En aquéllas que dan en un hombre el grado superior de una facultad o una pasión, la facultad exclusiva y la pasión absorbente lo son todo. La tarea de una vida consagrada a dar un hombre lógico en todas las facultades de los hombres y en todas las pasiones de la humanidad, consiste en eliminar facultades exclusivas y en suprimir pasiones absorbentes. Es decir, que lo admirado por los contemporáneos y por la posteridad, es justamente lo contrario de lo apetecido y buscado e intentado por el hombre que aspira a ser completo. Es decir, que para éste será accesorio todo lo que es esencial para los otros, y en tanto que ellos disfrutan del brillo de la gloria, del poder, de la ventura, amando en sí mismos la patria, la ciencia, el arte, el derecho, la verdad, lo bello, el hombre que aspira al ideal se condena a la oscuridad, y tendrá que realizar en la oscuridad, sin el estímulo de la gloria, del poder, de la ventura, todos los esfuerzos que individualmente hacen los otros por sobresalir en el desarrollo parcial de una pasión o de una facultad.

Ser hombre lógico, no es ideal inaccesible, no es empeño inútil, no es tarea imposible, puesto que el hombre tiene en sí mismo todos los medios intelectuales y morales que necesita para pasar normalmente del imaginar y del sentir al razonar lo imaginado y lo sentido para realizarlo; del realizar al armonizar sus facultades, sometiendo toda su vida a su conciencia; pero si ha habido una época en que sea difícil la tarea, difícil el empeño, difícil el ideal, es la época en que las monstruosidades intelectuales, morales, políticas y sociales, coincidiendo con la renovación de la fe, en la religión, en la ciencia, en la política, en el arte, han perturbado la naturaleza de las cosas, alterando su noción elemental.

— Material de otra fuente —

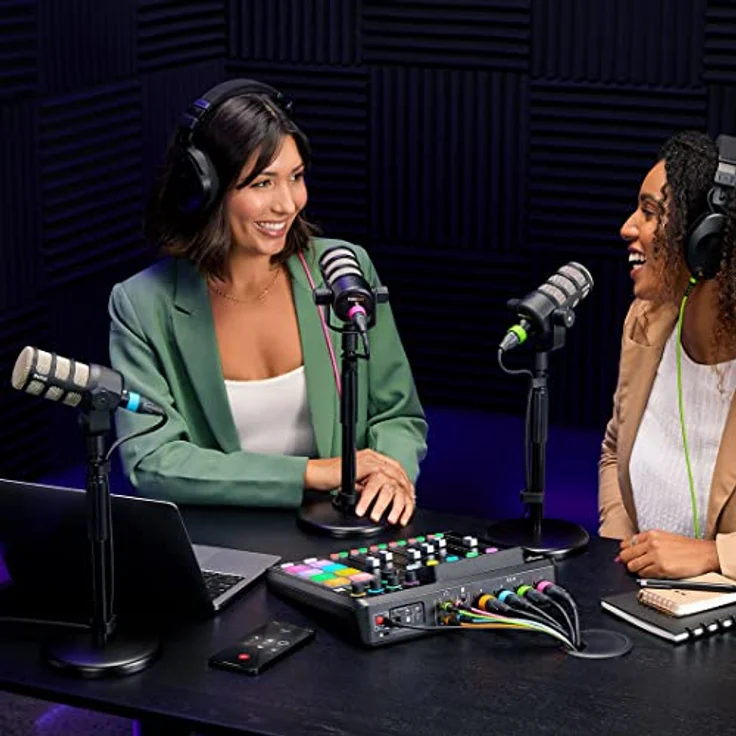 RØDE RODECaster Pro II, Studio- und Livemixer mit 5,5" HD-Touchdisplay, 9 Kanälen, Dual USB Audio Interface, Schwarz – Bild 8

Con menos claridad que hoy la percibo, columbraba yo entonces la responsabilidad formidable que conmigo mismo contraía si de mi primera producción hacía un compromiso con el mundo, una como piedra de toque de mi vida sucesiva: temí la responsabilidad, y la esquivé.

Pero no era posible que, encontrando la senda que con tantas angustias secretas había buscado, me negara a seguirla; no era posible que sabiendo ya cómo llamar la atención de mi patria y su metrópoli hacia verdades que habían llenado de nueva luz a mi razón, desistiera del afán generoso de decirlas; no era posible que disponiendo del medio más eficaz de predicar la buena nueva que yo traía del mundo ideal en que hasta entonces había meditado, rehusara el medio más eficaz de predicarla.

Por otra parte, y por mucho que me negara a ver de frente la realidad en que iba a lanzarme, yo veía que la conquista de un nombre literario es la conquista de un poder. El poder me hacía falta para servir inmediatamente a mi país, olvidado, vejado, escarnecido. En él había yo concebido la mayor parte de las ideas que quería expresar, de él había yo traído la idea capital a que desde entonces me consagraba. ¿Por qué había de vacilar?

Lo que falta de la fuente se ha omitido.